▶ **BRIEF**: All of the listing should be output exactly, apart from the pictures.
(RECORD EXTRACTS Opens)
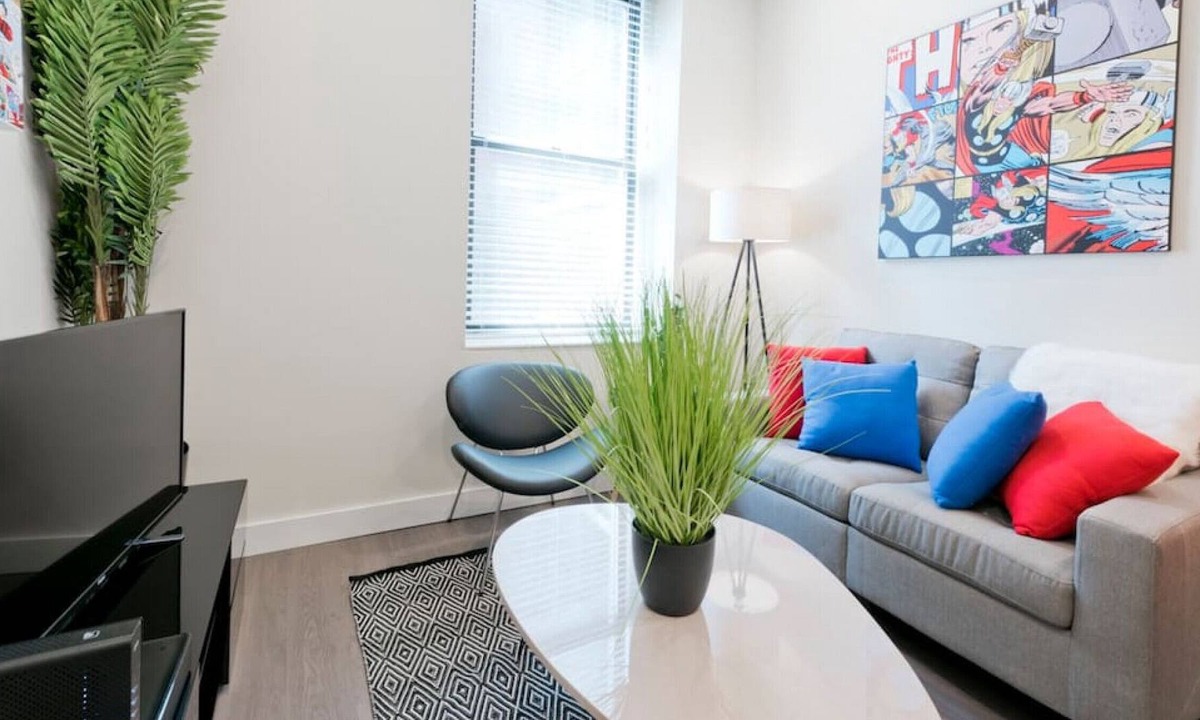 Downtown Boston Apartment | Simple 1br | Financial District | Keyless Entry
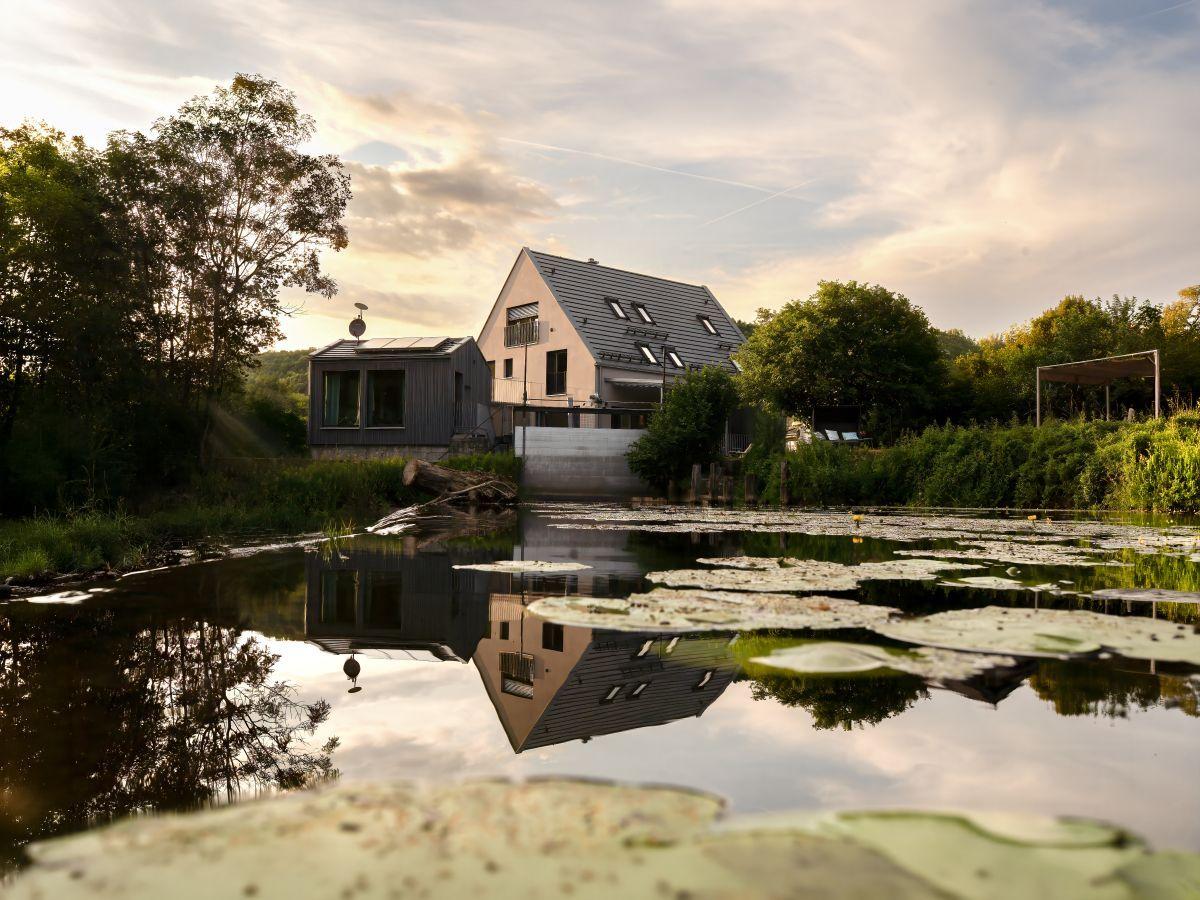 Baden in der Jagst mit Blick auf das Sauna-Haus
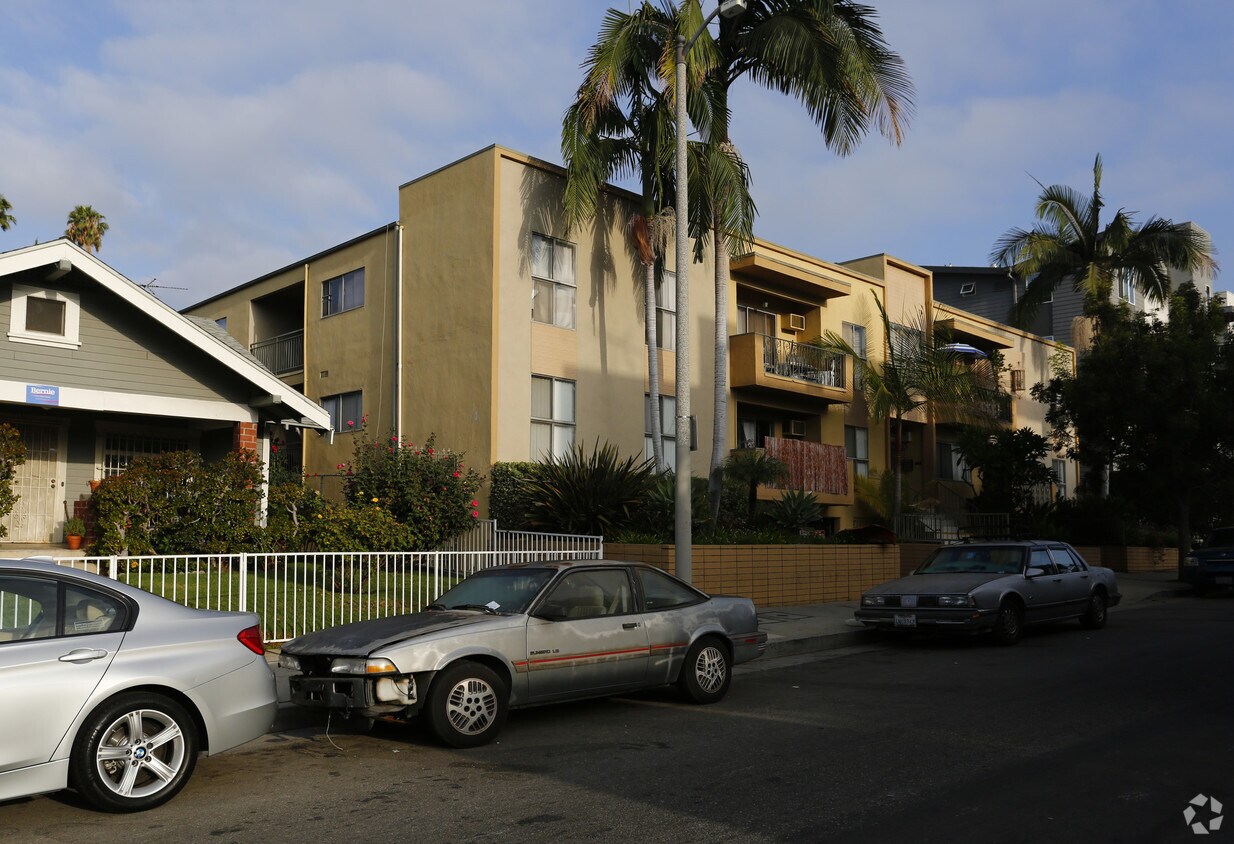 Edificio - 1545 Gordon St
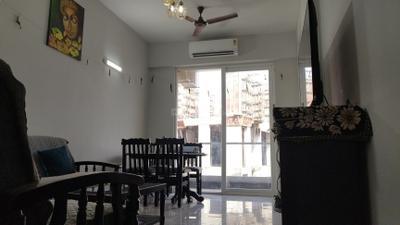 Living Room Image of 1200 Sq.ft 2 BHK Builder Floor for rent in Signature Global City 92, Sector 92 Gurgaon for Rs. 33000
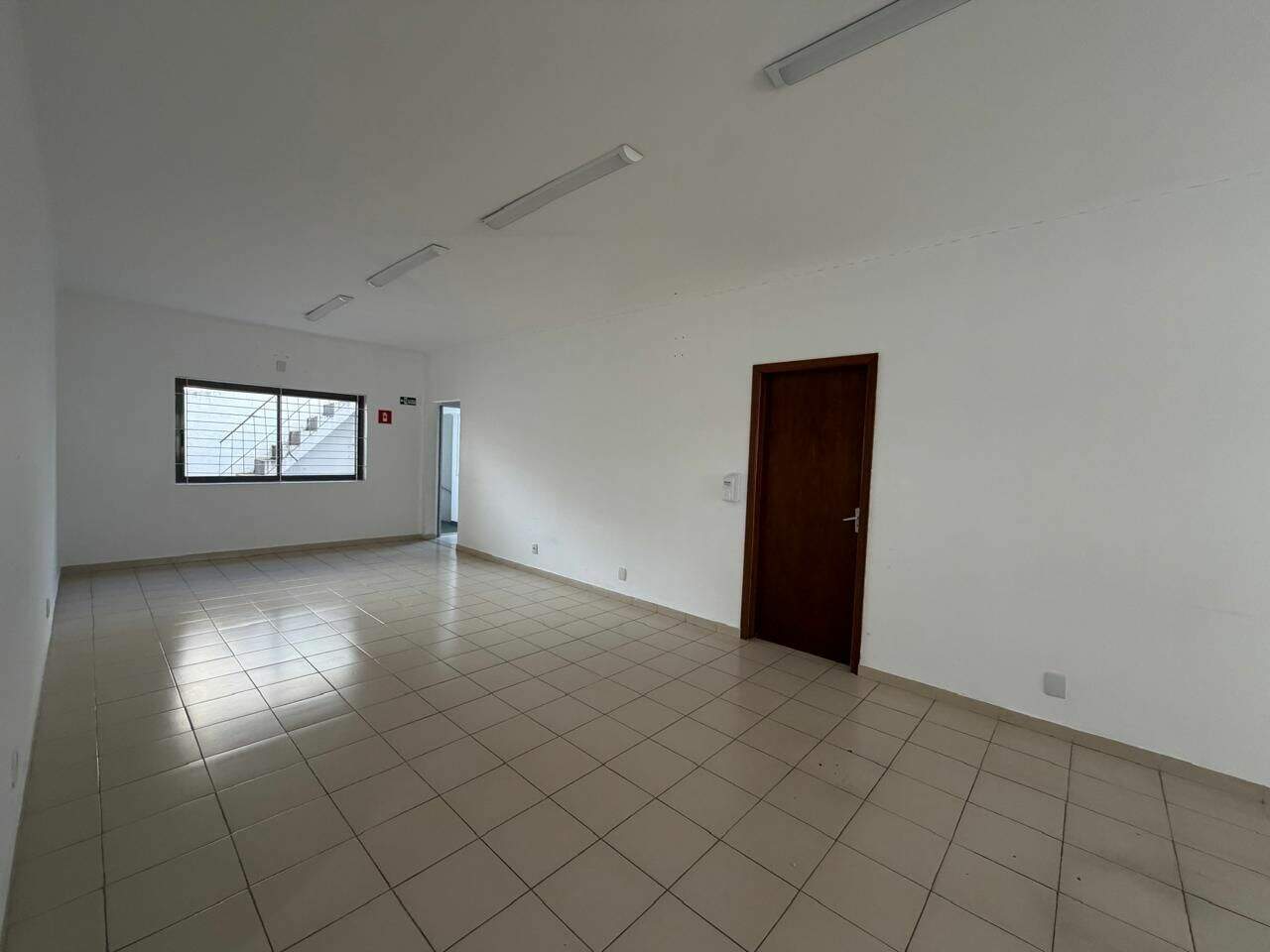 Casa Comercial à venda no Jardim Faculdade: 4.jpeg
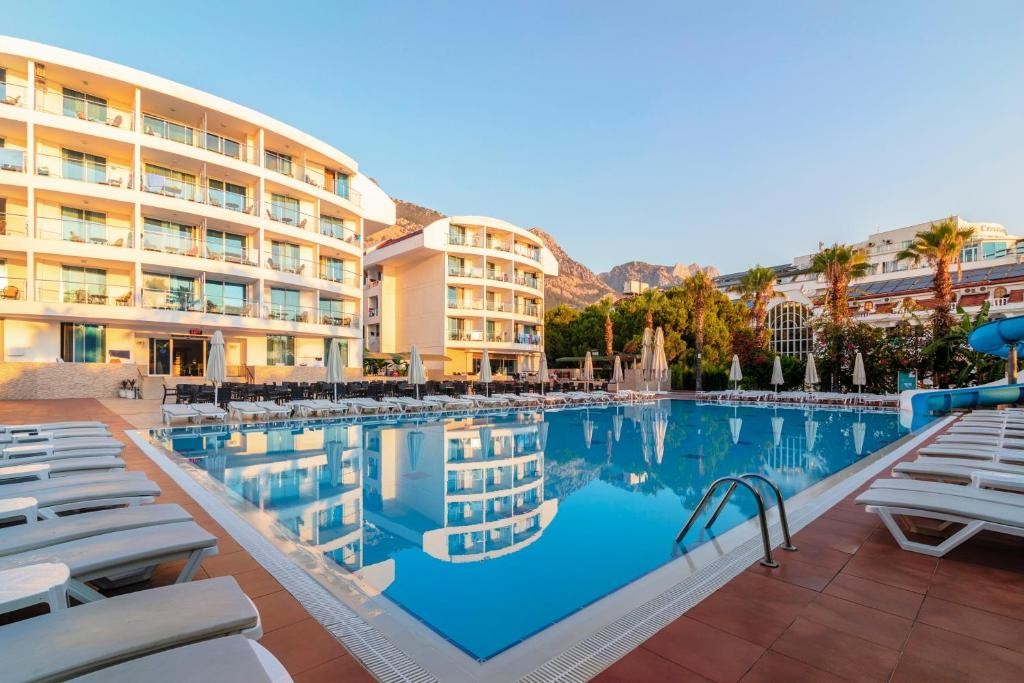 RING BEACH HOTEL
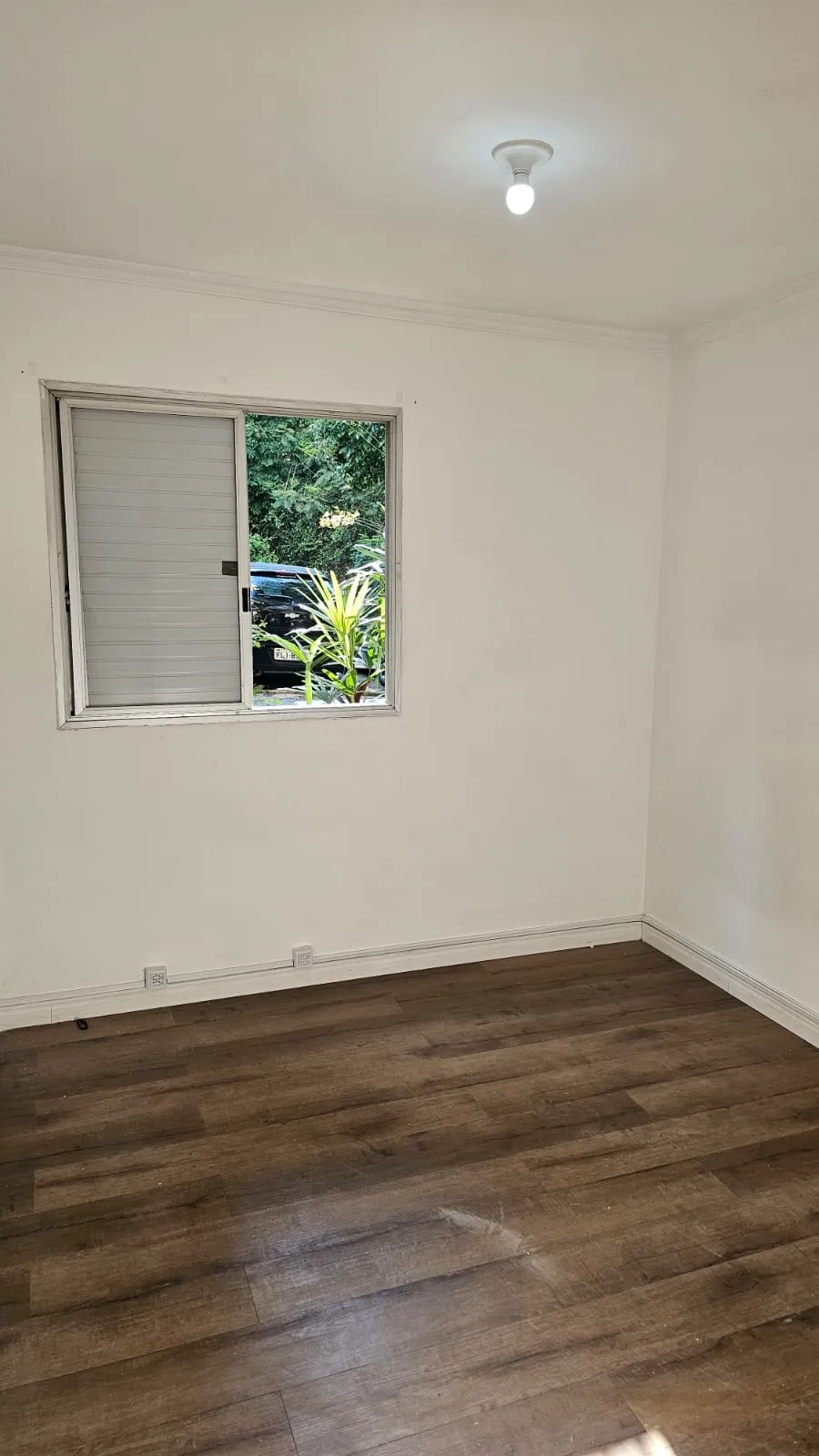 Imagem VENDO LINDO APTO DE 02 DORMIRÓRIOS NO CONJUNTO RESIDENCIAL INGAÍ - SP!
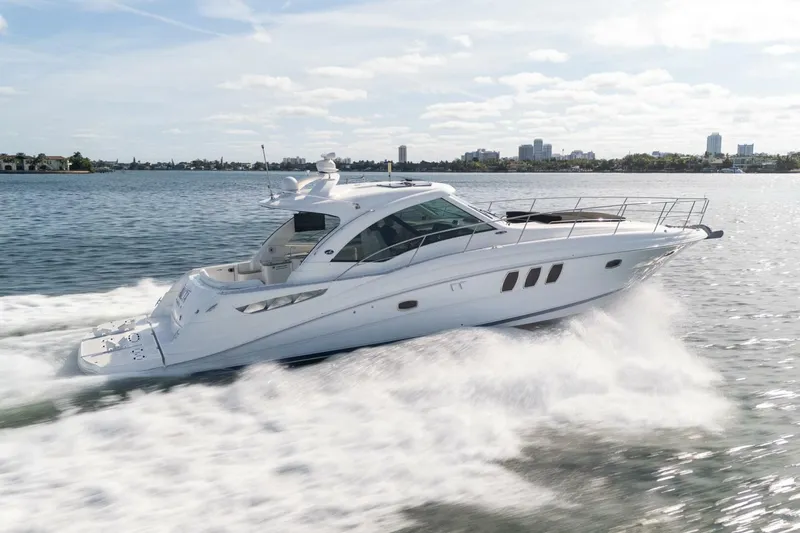Slide: The Image of Sea Ray 48 Sundancer 2005 - 12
(RECORD EXTRACTS Closes)
▶ **EXERCISE RESULT**:
 Downtown Boston Apartment | Simple 1br | Financial District | Keyless Entry
 Baden in der Jagst mit Blick auf das Sauna-Haus
 Edificio - 1545 Gordon St
 Living Room Image of 1200 Sq.ft 2 BHK Builder Floor for rent in Signature Global City 92, Sector 92 Gurgaon for Rs. 33000
 Casa Comercial à venda no Jardim Faculdade: 4.jpeg
 RING BEACH HOTEL
 Imagem VENDO LINDO APTO DE 02 DORMIRÓRIOS NO CONJUNTO RESIDENCIAL INGAÍ - SP!
Slide: The Image of Sea Ray 48 Sundancer 2005 - 12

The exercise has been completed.